# [Directions for this task]
What lines in the data hold the string "Photo"? Show them.

# [Listed entries]
┌──

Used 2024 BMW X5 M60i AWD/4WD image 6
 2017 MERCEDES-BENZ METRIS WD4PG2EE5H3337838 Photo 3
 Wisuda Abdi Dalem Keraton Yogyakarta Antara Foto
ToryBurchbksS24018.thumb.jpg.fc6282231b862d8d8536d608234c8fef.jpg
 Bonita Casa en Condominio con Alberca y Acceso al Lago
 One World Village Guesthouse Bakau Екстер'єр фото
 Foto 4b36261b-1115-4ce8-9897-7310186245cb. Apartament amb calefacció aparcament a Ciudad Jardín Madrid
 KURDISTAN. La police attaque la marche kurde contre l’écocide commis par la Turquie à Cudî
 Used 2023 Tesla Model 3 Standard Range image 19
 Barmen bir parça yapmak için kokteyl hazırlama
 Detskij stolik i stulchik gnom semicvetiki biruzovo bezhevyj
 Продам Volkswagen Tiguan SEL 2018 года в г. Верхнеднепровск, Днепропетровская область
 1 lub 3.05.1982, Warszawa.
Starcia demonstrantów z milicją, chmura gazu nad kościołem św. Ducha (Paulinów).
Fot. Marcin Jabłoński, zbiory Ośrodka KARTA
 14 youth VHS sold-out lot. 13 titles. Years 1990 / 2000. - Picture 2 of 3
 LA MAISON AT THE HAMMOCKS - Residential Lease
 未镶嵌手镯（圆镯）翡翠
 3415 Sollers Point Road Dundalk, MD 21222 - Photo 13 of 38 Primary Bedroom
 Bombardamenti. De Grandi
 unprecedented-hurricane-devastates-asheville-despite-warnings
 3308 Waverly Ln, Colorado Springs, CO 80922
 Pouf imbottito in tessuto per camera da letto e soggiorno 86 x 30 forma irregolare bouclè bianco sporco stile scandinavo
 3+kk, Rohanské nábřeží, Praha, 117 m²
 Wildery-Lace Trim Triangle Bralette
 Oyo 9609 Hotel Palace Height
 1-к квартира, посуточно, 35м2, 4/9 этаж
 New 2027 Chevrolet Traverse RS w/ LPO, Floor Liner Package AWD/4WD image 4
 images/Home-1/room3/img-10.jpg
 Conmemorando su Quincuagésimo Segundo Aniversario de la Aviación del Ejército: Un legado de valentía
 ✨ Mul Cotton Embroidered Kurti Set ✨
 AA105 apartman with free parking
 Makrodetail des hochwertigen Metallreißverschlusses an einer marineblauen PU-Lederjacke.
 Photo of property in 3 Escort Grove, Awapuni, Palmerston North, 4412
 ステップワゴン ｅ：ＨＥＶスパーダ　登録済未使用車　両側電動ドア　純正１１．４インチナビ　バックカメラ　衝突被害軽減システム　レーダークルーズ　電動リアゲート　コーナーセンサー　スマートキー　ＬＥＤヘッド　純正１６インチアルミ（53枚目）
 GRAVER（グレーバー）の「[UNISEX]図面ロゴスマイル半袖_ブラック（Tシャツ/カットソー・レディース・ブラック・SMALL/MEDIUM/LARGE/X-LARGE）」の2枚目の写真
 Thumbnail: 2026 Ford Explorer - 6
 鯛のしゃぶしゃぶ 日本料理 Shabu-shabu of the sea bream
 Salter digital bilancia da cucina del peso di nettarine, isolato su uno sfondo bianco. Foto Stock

└──

# [Exercise response]
 2017 MERCEDES-BENZ METRIS WD4PG2EE5H3337838 Photo 3
 3415 Sollers Point Road Dundalk, MD 21222 - Photo 13 of 38 Primary Bedroom
 Photo of property in 3 Escort Grove, Awapuni, Palmerston North, 4412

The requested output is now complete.